それはテレビ受像機の使用状況を調べて回る調査員。
彼らは人工的な笑顔の下に想像もつかないほどの執着心の強いキャラクター隠しているので、できるだけ近づかないのが無難。
玄関先であしらえばよかったのだが、「自分は越してからただの1度もテレビを見ていない」という自負が邪魔した。
「ちょっと中に入ってアンケートに答えてもらっていいですか?」
無知な私は災いの種を招き入れてしまった。
してやったりの調査員はすばやく私のオフィスを見回し、部屋の済に大型テレビが据え付けられているのに目を止めた。
「テレビがありますねえ」
「ああ、あれは大家さんが置いていったものなの、ここは仕事場だから、1度も電源を入れていないはずよ」
「1度も見てないんですか?」
「そう思うわ。私はテレビを見ないし…」
「でも誤って電源を入れてしまったことは?」(この辺の狡猾な質問といったら!)
「ないと思うわ。その差し込み口を見てもホコリだらけでしょ」
こんな堂々巡りの会話をくり消したのち、調査員は「供述書」なるものに記入し(なんだか警察の供述書みたいだった)私にサインを求めた。
早く帰ってほしいばかりにサインをして調査員を外に追い出した。
彼は上機嫌な笑顔で帰っていった(そうだろうよ、今日はエサが捕まったんだから)。
政府VS個人
それから数日、なんと私のもとにイギリス政府から「180ポンドのテレビ試聴料の即時支払いを命じる命令書」が届いたのである!
そこにはちゃっかり取られた調書のコピーもついていた。
それを読むと私は「部屋にテレビがあって、何度かスイッチをいれたかもしれないがよく覚えていない」と証言したことになっていた。

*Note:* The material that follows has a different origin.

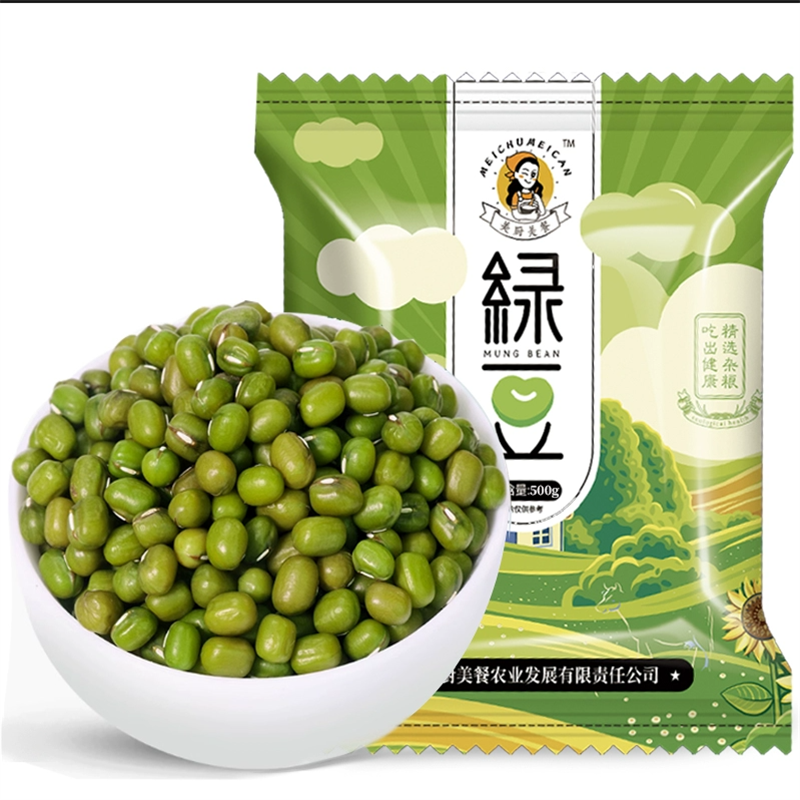 【产地直发】精品绿豆1斤
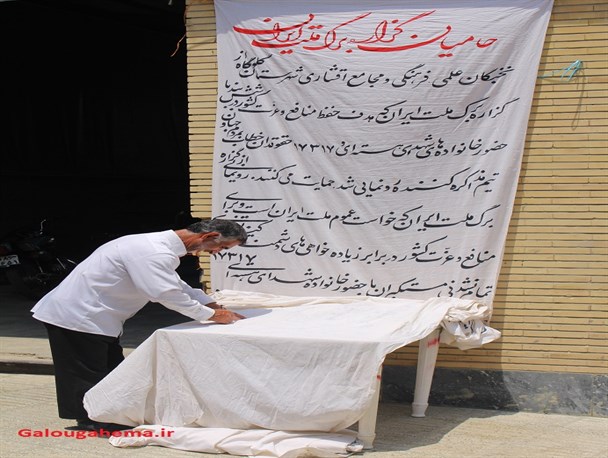 مهر تائید نمازگزاران جمعه گلوگاه بر گزاره‌برگ ملت ایران/تصویر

規定の「次の場合、テレビ受信料(BBC)を支払わなければならない」という項目の中に、「テレビが家の中にある」という一項があった。
つまり、調査員にテレビを見られた時点で、ほぼ私の敗色が決まっていたのである。
命令書には、
「もし受信料が支払われない場合、○月○日に××裁判所の○番法廷まで出頭されたし」
と、まったく穏やかじゃないのだ。